From top to bottom, reproduce the listing without a single change.

Data provided:
================

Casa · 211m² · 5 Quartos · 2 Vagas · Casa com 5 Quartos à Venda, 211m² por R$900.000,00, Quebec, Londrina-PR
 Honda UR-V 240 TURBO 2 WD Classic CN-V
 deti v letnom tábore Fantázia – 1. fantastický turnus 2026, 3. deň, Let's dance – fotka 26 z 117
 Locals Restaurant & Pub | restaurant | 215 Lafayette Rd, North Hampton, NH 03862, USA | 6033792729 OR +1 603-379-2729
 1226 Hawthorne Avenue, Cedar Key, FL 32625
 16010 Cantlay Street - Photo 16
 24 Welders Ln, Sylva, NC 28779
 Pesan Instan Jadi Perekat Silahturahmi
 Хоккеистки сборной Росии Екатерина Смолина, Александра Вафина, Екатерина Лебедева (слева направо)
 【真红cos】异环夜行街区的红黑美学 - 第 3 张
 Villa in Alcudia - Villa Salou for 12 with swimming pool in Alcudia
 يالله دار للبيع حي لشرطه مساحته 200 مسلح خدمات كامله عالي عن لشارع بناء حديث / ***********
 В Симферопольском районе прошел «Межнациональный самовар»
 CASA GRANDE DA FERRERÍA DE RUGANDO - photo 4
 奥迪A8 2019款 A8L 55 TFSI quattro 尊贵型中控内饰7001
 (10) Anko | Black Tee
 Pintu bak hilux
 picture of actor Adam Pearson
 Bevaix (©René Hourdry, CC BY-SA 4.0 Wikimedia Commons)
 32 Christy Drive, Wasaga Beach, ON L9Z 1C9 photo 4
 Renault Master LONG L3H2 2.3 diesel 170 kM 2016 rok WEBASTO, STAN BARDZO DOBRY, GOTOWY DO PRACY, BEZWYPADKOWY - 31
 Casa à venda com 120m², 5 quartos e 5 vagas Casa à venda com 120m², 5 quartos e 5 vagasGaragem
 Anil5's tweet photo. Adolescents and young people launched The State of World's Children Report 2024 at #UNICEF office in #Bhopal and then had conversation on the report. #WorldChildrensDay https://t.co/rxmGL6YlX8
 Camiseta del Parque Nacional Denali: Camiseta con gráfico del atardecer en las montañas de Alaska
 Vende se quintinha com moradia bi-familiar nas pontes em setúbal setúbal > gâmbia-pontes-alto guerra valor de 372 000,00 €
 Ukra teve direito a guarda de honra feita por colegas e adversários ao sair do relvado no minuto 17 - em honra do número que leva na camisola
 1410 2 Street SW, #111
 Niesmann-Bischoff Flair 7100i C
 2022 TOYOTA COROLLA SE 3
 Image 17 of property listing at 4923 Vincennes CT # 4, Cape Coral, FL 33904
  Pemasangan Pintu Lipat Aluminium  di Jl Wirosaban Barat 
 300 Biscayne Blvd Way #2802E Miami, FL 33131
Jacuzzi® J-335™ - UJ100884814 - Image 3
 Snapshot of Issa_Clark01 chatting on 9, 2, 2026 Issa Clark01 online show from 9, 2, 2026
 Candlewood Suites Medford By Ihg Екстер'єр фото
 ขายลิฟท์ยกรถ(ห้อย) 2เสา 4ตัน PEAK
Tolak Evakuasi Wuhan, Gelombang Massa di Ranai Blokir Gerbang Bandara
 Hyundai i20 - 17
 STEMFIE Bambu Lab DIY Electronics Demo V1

================

Result of the task:
Casa · 211m² · 5 Quartos · 2 Vagas · Casa com 5 Quartos à Venda, 211m² por R$900.000,00, Quebec, Londrina-PR
 Honda UR-V 240 TURBO 2 WD Classic CN-V
 deti v letnom tábore Fantázia – 1. fantastický turnus 2026, 3. deň, Let's dance – fotka 26 z 117
 Locals Restaurant & Pub | restaurant | 215 Lafayette Rd, North Hampton, NH 03862, USA | 6033792729 OR +1 603-379-2729
 1226 Hawthorne Avenue, Cedar Key, FL 32625
 16010 Cantlay Street - Photo 16
 24 Welders Ln, Sylva, NC 28779
 Pesan Instan Jadi Perekat Silahturahmi
 Хоккеистки сборной Росии Екатерина Смолина, Александра Вафина, Екатерина Лебедева (слева направо)
 【真红cos】异环夜行街区的红黑美学 - 第 3 张
 Villa in Alcudia - Villa Salou for 12 with swimming pool in Alcudia
 يالله دار للبيع حي لشرطه مساحته 200 مسلح خدمات كامله عالي عن لشارع بناء حديث / ***********
 В Симферопольском районе прошел «Межнациональный самовар»
 CASA GRANDE DA FERRERÍA DE RUGANDO - photo 4
 奥迪A8 2019款 A8L 55 TFSI quattro 尊贵型中控内饰7001
 (10) Anko | Black Tee
 Pintu bak hilux
 picture of actor Adam Pearson
 Bevaix (©René Hourdry, CC BY-SA 4.0 Wikimedia Commons)
 32 Christy Drive, Wasaga Beach, ON L9Z 1C9 photo 4
 Renault Master LONG L3H2 2.3 diesel 170 kM 2016 rok WEBASTO, STAN BARDZO DOBRY, GOTOWY DO PRACY, BEZWYPADKOWY - 31
 Casa à venda com 120m², 5 quartos e 5 vagas Casa à venda com 120m², 5 quartos e 5 vagasGaragem
 Anil5's tweet photo. Adolescents and young people launched The State of World's Children Report 2024 at #UNICEF office in #Bhopal and then had conversation on the report. #WorldChildrensDay https://t.co/rxmGL6YlX8
 Camiseta del Parque Nacional Denali: Camiseta con gráfico del atardecer en las montañas de Alaska
 Vende se quintinha com moradia bi-familiar nas pontes em setúbal setúbal > gâmbia-pontes-alto guerra valor de 372 000,00 €
 Ukra teve direito a guarda de honra feita por colegas e adversários ao sair do relvado no minuto 17 - em honra do número que leva na camisola
 1410 2 Street SW, #111
 Niesmann-Bischoff Flair 7100i C
 2022 TOYOTA COROLLA SE 3
 Image 17 of property listing at 4923 Vincennes CT # 4, Cape Coral, FL 33904
  Pemasangan Pintu Lipat Aluminium  di Jl Wirosaban Barat 
 300 Biscayne Blvd Way #2802E Miami, FL 33131
Jacuzzi® J-335™ - UJ100884814 - Image 3
 Snapshot of Issa_Clark01 chatting on 9, 2, 2026 Issa Clark01 online show from 9, 2, 2026
 Candlewood Suites Medford By Ihg Екстер'єр фото
 ขายลิฟท์ยกรถ(ห้อย) 2เสา 4ตัน PEAK
Tolak Evakuasi Wuhan, Gelombang Massa di Ranai Blokir Gerbang Bandara
 Hyundai i20 - 17
 STEMFIE Bambu Lab DIY Electronics Demo V1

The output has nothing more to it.